Required action — In the listing below, find each line that holds "Stock" and list it.

Records shown —

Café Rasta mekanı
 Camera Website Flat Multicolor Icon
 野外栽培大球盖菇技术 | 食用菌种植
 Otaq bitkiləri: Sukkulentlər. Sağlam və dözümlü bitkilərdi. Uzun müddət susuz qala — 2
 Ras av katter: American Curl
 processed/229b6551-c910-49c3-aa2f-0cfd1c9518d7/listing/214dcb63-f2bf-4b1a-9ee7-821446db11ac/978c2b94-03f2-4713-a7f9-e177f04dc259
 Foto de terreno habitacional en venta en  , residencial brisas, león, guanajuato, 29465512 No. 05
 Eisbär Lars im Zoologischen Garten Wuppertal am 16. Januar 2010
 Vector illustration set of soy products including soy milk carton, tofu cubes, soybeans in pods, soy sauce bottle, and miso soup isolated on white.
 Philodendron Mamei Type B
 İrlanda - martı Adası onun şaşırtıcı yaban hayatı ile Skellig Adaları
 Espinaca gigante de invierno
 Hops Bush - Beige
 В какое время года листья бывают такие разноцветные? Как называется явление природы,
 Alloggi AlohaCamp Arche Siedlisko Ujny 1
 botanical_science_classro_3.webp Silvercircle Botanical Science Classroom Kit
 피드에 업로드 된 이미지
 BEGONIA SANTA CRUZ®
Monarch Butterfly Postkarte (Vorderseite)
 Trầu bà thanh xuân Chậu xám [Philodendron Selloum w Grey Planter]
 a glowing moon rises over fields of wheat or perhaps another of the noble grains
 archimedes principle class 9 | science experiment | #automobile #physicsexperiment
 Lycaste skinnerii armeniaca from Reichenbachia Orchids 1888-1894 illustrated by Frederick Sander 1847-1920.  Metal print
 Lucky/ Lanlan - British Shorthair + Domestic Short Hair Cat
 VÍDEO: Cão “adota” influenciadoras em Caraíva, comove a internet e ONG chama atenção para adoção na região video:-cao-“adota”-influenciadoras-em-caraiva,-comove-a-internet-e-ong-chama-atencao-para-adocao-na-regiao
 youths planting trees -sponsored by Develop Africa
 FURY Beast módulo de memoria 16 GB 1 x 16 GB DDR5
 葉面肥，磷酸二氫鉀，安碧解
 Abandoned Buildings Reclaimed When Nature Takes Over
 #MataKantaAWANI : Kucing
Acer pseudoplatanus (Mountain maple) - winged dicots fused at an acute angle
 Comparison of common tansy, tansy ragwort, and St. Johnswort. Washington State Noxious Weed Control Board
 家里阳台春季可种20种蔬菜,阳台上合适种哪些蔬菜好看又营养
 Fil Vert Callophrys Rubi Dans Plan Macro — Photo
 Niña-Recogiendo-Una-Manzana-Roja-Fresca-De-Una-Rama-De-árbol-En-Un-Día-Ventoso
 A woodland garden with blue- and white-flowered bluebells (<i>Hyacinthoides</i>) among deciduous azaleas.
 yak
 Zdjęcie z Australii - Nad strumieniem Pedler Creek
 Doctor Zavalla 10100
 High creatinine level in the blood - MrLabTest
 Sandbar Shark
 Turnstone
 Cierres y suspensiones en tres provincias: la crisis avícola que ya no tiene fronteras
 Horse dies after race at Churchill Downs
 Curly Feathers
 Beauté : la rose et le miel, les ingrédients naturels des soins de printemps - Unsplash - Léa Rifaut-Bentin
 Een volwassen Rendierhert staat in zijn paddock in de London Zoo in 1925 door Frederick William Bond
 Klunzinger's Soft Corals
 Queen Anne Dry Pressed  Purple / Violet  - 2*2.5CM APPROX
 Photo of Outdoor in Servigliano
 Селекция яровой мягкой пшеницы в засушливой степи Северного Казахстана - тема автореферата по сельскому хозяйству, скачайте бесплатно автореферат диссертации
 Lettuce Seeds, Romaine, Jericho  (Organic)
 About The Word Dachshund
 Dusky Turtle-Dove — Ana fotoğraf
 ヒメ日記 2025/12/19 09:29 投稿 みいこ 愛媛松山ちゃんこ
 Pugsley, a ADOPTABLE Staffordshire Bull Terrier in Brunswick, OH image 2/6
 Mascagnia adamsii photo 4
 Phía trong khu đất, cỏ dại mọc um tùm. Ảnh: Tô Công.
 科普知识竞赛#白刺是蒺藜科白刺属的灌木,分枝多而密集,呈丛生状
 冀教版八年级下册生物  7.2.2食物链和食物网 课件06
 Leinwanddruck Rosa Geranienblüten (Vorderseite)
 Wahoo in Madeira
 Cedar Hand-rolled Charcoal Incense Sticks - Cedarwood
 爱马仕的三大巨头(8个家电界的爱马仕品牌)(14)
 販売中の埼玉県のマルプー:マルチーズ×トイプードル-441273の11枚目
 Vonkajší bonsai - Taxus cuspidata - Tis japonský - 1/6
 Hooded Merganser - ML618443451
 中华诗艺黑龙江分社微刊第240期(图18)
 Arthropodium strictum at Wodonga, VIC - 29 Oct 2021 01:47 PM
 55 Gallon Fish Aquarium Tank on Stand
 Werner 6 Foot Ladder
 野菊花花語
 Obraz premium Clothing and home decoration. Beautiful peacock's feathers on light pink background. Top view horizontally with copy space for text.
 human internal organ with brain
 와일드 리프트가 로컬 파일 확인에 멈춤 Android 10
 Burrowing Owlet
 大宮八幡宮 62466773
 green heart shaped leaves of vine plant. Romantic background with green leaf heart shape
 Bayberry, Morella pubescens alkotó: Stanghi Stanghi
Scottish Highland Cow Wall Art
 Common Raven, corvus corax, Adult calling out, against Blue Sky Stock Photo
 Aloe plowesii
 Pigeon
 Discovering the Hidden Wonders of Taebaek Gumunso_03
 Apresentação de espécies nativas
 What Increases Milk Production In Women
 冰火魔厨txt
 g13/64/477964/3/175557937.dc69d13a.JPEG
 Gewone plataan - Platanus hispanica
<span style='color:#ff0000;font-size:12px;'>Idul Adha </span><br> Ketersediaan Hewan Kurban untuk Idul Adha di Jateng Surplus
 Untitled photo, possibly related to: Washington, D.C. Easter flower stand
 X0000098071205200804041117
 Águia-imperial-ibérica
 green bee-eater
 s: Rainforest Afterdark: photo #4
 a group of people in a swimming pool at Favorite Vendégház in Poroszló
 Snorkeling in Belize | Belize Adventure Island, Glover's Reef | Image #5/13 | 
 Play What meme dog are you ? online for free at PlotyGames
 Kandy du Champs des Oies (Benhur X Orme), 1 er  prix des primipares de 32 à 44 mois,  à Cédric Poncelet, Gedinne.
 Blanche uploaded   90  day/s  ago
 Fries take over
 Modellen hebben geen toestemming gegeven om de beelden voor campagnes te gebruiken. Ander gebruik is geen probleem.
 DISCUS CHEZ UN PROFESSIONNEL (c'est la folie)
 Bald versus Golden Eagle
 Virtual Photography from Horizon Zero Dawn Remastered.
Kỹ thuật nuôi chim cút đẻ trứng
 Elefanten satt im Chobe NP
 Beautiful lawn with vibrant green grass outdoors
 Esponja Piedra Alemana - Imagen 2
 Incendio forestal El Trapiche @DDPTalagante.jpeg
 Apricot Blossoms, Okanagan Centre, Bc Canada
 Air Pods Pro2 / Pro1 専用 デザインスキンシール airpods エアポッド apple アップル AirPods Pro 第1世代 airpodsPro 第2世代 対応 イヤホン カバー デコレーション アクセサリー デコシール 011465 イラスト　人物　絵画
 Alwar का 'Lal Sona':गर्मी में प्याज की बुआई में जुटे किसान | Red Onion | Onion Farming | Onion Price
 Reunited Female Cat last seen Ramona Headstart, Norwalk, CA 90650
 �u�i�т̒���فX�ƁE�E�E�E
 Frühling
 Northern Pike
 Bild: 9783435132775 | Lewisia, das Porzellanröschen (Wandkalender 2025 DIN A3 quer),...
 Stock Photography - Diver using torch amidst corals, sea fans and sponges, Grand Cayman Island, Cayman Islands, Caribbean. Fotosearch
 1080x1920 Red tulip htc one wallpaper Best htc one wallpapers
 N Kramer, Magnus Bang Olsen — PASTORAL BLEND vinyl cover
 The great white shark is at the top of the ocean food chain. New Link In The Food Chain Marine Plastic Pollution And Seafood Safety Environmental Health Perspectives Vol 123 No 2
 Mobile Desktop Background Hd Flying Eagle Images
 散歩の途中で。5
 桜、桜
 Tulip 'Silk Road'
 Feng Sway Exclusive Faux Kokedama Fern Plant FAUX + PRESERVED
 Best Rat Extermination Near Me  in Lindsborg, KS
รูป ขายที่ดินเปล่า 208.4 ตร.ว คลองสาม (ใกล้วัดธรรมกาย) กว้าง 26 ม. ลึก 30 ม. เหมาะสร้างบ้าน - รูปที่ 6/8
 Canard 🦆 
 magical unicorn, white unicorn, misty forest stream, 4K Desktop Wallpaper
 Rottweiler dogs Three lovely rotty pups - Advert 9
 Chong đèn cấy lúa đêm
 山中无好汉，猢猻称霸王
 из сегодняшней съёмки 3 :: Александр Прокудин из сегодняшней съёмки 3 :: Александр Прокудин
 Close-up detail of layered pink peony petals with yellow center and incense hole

Solution —
 Common Raven, corvus corax, Adult calling out, against Blue Sky Stock Photo
 Stock Photography - Diver using torch amidst corals, sea fans and sponges, Grand Cayman Island, Cayman Islands, Caribbean. Fotosearch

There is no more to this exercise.